We really ARE wired this way!!

I’m sure most of you have read the Wall Street Journal article from Tuesday, “Inside the Brains of Bieber Fans”.  You can read the article here. While I recognize most, if not all of us are well-beyond Justin Bieber at this point, this article could have easily been written thirty years back on Duran fans and been every bit as applicable.  The article even points out that back in the days of Franz Liszt (classical musician from the times of Romanticism during the 1800’s), his fans would throw their garments at him and fight over locks of his hair.  Sound familiar???

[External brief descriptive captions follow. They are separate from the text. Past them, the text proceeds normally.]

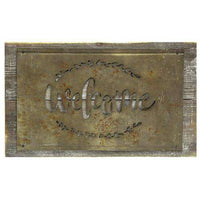 Thumbnail for *Welcome Rustic Wood and Metal Sign - The Fox Decor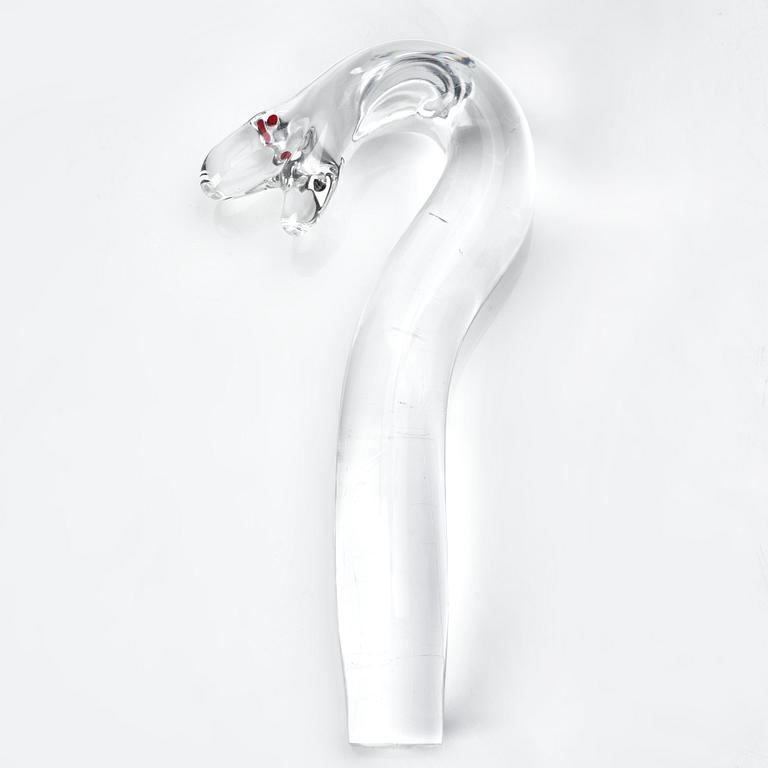 Ulrica Hydman-Vallien, a unique glass vase "Kabale", Pilchuck, USA 1986.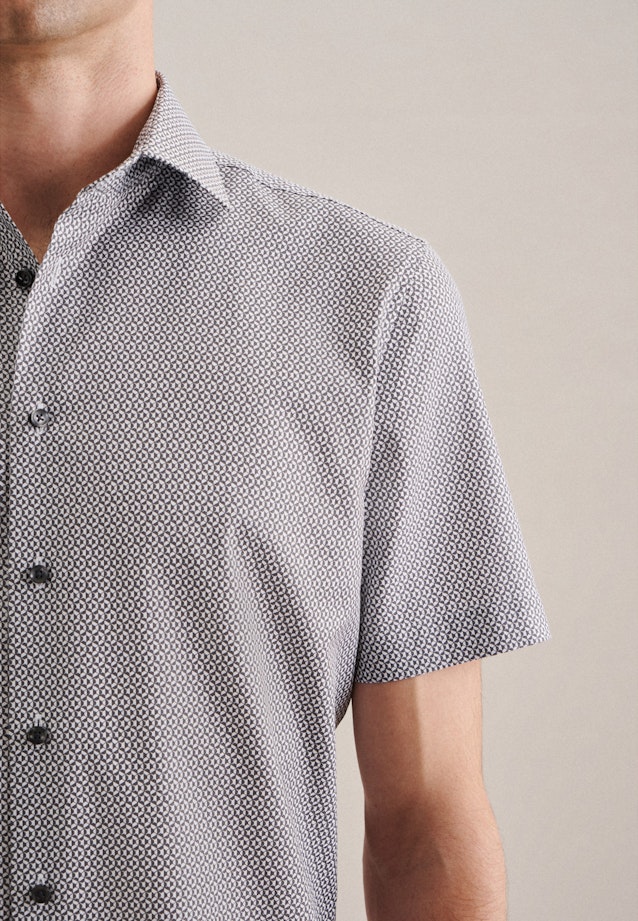 Shaped Business shirt Print in Grey |  Seidensticker Onlineshop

We’ve commented many times over the “addiction” Duran Duran seems to have caused many of us over the years, and while my tongue might have been firmly planted in my cheek at the time, it appears I was more correct than I wish to believe.  Hearing those familiar chords of Rio or even Hungry Like the Wolf release dopamine, which is a neurotransmitter involved in pleasure and even addiction.  That rush you feel when Simon does his super-cool karate-style moves at the end of Notorious, or when there’s an especially good JoSi moment on stage, or even when Roger dares to twirl his stick or Nick gives you a good smile?  It’s as intense as the feeling a chocoholic gets when they grab a square of their most favorite treat, and yes, it really IS addictive.  
This is no surprise to the many fans who have stuck by Duran Duran over the years.  There’s no arguing that when we see them live, we leave wanting more…and we chase after that same “high” we’ve experienced prior.  There is a reason why many fans do as many shows as possible on a tour, and that there really is science behind it all.
Can this addiction be harmful?  Like anything in life, moderation is key.  Sadly, I’ve forgotten what moderation actually means.  In this particular article, being on a computer for five or six hours a night following Justin Bieber blogs is given as an example of too much.  If you could only see my blank stare at the moment…  If that weren’t enough, the example of a person mortgaging their home only to go to New York and sleep on a sidewalk in order to facilitate their child’s addiction is also cited as being over the line.  First of all, and in my defense, my house was already mortgaged, thanks.  I will owe Wells Fargo for many more years, thank you.  Secondly, who said this was for my kid???  
The last nail in the coffin comes near the end of the article, when of course there’s a dissenting opinion of what is truly normal.  I don’t know about anyone else, but I tend to be wary of folks who tell me what is normal, especially when they don’t appear to recognize good fun.  In this case, Robert Epstein, author of Teen 2.0: Saving our Children and Families from the Torment of Adolescence, holds the hammer firmly in his grip when he says “Contrary to popular belief, there is nothing even slightly developmentally normal or healthy about ‘Bieber Fever’ and similar teen extremisms.”  
Robert Epstein clearly needs to get a life and find some fun out there before he starts giving advice on how to kill the spirit of our adolescents.  

5 thoughts on “We really ARE wired this way!!”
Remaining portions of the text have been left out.